The task - Using the listing below, retype exactly the lines starting at the one with "irgendwo in den AUEN" and ending at the one with "Bearington BROWNIE BUNNY with Truffles Gifts", and include both.
▬▬▬
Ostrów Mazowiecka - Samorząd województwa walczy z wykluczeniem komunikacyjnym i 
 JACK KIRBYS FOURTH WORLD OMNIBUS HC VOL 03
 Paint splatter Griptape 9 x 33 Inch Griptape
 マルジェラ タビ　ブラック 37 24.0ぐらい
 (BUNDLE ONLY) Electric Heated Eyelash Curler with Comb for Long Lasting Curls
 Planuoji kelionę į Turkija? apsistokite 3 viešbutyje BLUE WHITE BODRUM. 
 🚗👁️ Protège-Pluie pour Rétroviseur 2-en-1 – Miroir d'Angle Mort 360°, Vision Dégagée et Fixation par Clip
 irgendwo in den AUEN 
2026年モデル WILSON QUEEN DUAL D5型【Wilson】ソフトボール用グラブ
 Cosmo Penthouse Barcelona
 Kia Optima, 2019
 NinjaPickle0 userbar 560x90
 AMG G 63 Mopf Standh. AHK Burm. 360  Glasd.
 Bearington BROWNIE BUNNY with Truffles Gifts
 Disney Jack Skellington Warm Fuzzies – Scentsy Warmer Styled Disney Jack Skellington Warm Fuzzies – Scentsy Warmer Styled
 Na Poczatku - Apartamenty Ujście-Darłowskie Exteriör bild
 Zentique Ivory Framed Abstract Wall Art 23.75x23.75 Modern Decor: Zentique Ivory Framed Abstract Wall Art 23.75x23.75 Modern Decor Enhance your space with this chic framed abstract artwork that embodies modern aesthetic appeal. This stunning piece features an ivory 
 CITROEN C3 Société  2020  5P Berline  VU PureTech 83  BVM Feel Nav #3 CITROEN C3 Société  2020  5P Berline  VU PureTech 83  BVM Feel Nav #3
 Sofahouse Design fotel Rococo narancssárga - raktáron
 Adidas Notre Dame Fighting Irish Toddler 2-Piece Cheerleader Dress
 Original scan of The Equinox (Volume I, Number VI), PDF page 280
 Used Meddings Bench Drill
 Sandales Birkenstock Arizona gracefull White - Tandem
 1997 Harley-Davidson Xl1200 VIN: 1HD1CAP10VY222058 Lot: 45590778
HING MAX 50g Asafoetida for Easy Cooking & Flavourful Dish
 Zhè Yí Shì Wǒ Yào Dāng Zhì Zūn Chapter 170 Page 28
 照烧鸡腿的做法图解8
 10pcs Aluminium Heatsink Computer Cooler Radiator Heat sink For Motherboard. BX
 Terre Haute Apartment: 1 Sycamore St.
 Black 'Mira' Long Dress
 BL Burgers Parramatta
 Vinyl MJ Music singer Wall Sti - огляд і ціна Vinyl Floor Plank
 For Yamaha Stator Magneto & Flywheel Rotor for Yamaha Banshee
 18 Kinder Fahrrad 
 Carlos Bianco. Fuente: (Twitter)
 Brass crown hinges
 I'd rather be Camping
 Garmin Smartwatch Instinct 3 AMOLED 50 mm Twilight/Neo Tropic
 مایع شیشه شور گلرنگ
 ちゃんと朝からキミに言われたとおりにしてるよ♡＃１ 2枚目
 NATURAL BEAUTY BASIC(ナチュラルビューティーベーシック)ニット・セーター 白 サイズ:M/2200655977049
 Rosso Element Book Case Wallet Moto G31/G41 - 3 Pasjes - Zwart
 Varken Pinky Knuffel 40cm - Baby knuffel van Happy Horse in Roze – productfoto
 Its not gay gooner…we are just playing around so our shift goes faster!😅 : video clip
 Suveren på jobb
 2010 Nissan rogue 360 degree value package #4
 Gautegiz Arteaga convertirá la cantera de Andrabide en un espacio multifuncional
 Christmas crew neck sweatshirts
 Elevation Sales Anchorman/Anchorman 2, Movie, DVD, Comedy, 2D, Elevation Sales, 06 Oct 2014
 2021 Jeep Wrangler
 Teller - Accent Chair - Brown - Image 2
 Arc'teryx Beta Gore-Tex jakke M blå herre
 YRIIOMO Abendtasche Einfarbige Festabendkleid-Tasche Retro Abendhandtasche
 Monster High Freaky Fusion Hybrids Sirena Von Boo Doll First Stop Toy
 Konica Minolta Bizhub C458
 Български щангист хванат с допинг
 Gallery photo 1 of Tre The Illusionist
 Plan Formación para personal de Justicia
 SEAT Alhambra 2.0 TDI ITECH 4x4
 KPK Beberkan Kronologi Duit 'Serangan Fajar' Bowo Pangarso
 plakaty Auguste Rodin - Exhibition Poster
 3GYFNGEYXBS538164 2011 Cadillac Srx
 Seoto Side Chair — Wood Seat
▬▬▬
Response box -
 irgendwo in den AUEN 
2026年モデル WILSON QUEEN DUAL D5型【Wilson】ソフトボール用グラブ
 Cosmo Penthouse Barcelona
 Kia Optima, 2019
 NinjaPickle0 userbar 560x90
 AMG G 63 Mopf Standh. AHK Burm. 360  Glasd.
 Bearington BROWNIE BUNNY with Truffles Gifts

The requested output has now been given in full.